Rahmetli Cemil Meriç; büyük düşünür, makbul mütefekkir ve münevver bir şahsiyet. Milletin derdiyle dertlenen, geçmişi gelecekle buluşturma gayretinde olan bir edip.

Elbette bir aydın değil(!)

Çünkü o dine karşı değil; camiyi köhne, medreseyi karanlık, dindarı yobaz görmez, gelişmeyi ilerlemeyi ve medeniyeti batının içi çürük sokaklarında aramaz.

Okuduğu kitapların sayısı binleri geçse de, yunan felsefesinden doğu diyalektiğine kadar bütün akımları avucunun içine alsa da, yazdıklarıyla dünya kültür mirasına kült eserler bıraksa da…

Hayır, hayır hiçbir surette!

O bir aydın olamaz çünkü… (?!)

Nitekim kendisi de bunu anlamış olmalı ki; “Olimpos Dağının Çocukları, Hira Dağının Evlatlarını Asla kabullenmeyecektir.” diyerek durumu özetlemiştir.

Rahmetli Mehmet Akif Ersoy; eseri yaşamının tezahürü nevi şahsına münhasır bir düşünür, vatan-millet derdiyle dertlenen bir mütefekkir ve münevver bir şair.

Ama o bir aydın değil(!)

Çünkü o dine karşı değil; camiyi köhne, medreseyi karanlık, dindarı yobaz görmez, gelişmeyi ilerlemeyi ve medeniyeti batının içi çürük sokaklarında aramaz.

Kendi kökümüz üzerinde yeniden dirileceğimize inanır.

Sözünün eri olmasıyla ünlü olsa da, istiklal marşımızı veya Çanakkale destanını yüreklerimizin teline dokundursa da, sefalet içinde olmasına rağmen torbalar dolusu ödül parasını almasa da, vatan sevgisi deryalar gibi kabarsa da…

Hiçbir zaman ve hiçbir surette!

O bir aydın olamaz çünkü… (?!)

Nitekim kendisi de bunu anlamış olmalı ki;

“Üçbuçuk soysuzun ardından zağarlık yapamam; 
Hele hak namına haksızlığa ölsem tapamam.”  
diyerek tavrını ortaya koymuştur.

Necip Fazıl bir aydın olamaz!

Çünkü o dine karşı değil; camiyi köhne, medreseyi karanlık, dindarı yobaz görmez, gelişmeyi ilerlemeyi ve medeniyeti batının içi çürük sokaklarında aramaz.

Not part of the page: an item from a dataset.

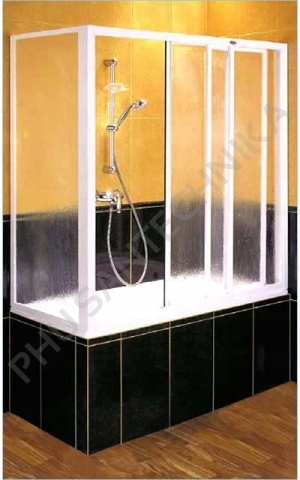 Kabina Kabi nawannowa 3-ELEMENTOWA Reg.kn-rts/p 150/160 Szkło Grafit
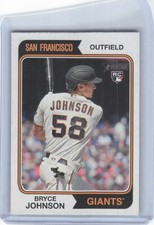 2023 Topps Heritage Bryce Johnson #353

Şiiri bütün şairlerin dudaklarını uçuklatsa da, mana metaforları bütün aydınların (!) akıllarını otoparka çekse de, ömrünü davası uğruna verdiği destansı macera ile süslese de…

“Tam otuz yıl saatim işlemiş ben durmuşum? 
Gökyüzünden habersiz uçurtma uçurmuşum.”
dedi ya, o artık bir aydın değil!

Mehmet Akif İnan bir aydın değil;

Çünkü o dine karşı değil; camiyi köhne, medreseyi karanlık, dindarı yobaz görmez, gelişmeyi ilerlemeyi ve medeniyeti batının içi çürük sokaklarında aramaz. 

Verdiği mücadele sayesinde; yıllarca emeği ve emekçiyi sömüren, çalışanın kelle sayısı üzerinden cebini ve göbeğini şişiren sendika ağalarının uykusunu kaçırsa da, zalime karşı mazlumun sesi olsa da, düşmanının dahi söz hakkını savunacak kadar demokrat olsa da…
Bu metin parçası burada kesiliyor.